Android上将 /data/media 这个目录通过fuse 虚拟成内置的sdcard。使用fuse的话,文件的操作需要与用户空间fuse进程通信,在user space与kernel space间多次切换。相比于ext4,读写速度等性能必然下降。Android O以后这层FUSE换成了sdcardfs,性能有了大幅提升。
在 Android L 前 , 访问 sdcard 主要是通过用户和组权限来控制。M以后,多了运行时权限。Android M 引入了runtime permissions,应用在运行时申请权限。不用重启,动态对应用访问授权。这样的话更易用,更安全。
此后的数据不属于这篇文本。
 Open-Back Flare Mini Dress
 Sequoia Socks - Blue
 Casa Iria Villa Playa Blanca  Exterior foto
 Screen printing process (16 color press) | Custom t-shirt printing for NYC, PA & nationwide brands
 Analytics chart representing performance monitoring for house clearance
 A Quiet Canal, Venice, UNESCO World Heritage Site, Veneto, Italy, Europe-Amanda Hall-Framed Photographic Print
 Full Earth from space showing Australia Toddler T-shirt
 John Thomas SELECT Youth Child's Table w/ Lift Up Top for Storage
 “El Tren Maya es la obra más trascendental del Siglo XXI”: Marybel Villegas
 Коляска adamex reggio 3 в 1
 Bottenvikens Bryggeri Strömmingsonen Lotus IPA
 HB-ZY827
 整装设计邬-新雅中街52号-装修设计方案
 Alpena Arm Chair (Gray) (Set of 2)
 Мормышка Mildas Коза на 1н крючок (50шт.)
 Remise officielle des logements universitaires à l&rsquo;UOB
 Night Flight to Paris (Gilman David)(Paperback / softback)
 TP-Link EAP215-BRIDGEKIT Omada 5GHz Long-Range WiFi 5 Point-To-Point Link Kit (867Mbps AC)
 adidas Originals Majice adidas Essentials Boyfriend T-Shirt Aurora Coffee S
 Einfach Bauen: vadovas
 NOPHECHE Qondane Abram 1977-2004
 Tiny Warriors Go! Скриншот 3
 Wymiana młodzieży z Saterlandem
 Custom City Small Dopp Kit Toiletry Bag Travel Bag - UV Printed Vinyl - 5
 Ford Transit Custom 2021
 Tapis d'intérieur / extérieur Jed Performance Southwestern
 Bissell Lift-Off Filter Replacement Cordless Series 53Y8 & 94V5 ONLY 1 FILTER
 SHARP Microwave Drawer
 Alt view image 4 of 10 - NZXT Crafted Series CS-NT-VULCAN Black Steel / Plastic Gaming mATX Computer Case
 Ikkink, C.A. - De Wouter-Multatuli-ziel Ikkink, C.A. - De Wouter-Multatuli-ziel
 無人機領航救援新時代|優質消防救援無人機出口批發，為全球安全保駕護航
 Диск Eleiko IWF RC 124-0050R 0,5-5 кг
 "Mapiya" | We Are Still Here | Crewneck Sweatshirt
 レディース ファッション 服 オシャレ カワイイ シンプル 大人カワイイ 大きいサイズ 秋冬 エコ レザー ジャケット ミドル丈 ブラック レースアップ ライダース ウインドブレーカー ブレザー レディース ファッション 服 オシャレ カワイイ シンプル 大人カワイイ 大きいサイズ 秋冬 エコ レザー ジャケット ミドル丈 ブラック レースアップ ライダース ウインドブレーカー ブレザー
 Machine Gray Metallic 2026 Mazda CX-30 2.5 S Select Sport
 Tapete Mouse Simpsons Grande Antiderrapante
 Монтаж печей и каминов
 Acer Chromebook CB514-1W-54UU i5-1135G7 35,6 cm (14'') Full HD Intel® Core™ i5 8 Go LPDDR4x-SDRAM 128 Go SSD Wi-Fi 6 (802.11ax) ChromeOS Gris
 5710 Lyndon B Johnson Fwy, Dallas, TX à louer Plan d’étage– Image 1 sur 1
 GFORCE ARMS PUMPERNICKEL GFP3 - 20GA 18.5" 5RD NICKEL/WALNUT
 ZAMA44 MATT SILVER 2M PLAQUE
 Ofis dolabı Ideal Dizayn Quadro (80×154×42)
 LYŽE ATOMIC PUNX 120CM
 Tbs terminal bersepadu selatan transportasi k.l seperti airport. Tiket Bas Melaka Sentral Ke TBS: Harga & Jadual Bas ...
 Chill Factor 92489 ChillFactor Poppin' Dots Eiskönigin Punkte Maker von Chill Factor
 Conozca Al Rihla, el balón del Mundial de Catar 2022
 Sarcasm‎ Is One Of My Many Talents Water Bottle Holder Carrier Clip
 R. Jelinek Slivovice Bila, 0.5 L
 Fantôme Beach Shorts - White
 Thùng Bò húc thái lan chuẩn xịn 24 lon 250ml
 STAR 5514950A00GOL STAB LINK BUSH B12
该模型将标记为危险的权限从安装时权限 ( Install Time Permission ) 模型移动到运行时权限模型( Runtime Permissions )。
init.rc
# Storage views to support runtime permissions
mkdir /mnt/runtime 0700 root root
mkdir /mnt/runtime/default 0755 root root
mkdir /mnt/runtime/default/self 0755 root root
mkdir /mnt/runtime/read 0755 root root
mkdir /mnt/runtime/read/self 0755 root root
mkdir /mnt/runtime/write 0755 root root
mkdir /mnt/runtime/write/self 0755 root root
# Symlink to keep legacy apps working in multi-user world
symlink /storage/self/primary /sdcard
symlink /storage/self/primary /mnt/sdcard
symlink /mnt/user/0/primary /mnt/runtime/default/self/primary
sdcard目录是个符号链接,链接到/storage/self/primary
p212:/ # ls -ld /sdcard
lrwxrwxrwx 1 root root 21 1970-01-01 00:00 /sdcard -> /storage/self/primary
p212:/ # ls -ld /mnt/user/0/primary
lrwxrwxrwx 1 root root 19 2015-01-01 00:00 /mnt/user/0/primary -> /storage/emulated/0
/storage/self 是访问 sdcard 的关键路径。 各个路径间的关系:
/sdcard (intrc) -> symbol link -> /storage/self/primary
/storage/self (zygote) -> bind mount -> /mnt/user/user_id
/mnt/user/0/primary (vold) -> symbol link -> /storage/emulated/0
/storage (zygote) -> bind mount -> /mnt/runtime/default
/mnt/runtime/default/emulated -> fuse mount -> /data/media
其中/storage对不同的用户(APK进程)来说,会根据不同的权限bind mount到不同的目录:/mnt/runtime/default,/mnt/runtime/read或者/mnt/runtime/write。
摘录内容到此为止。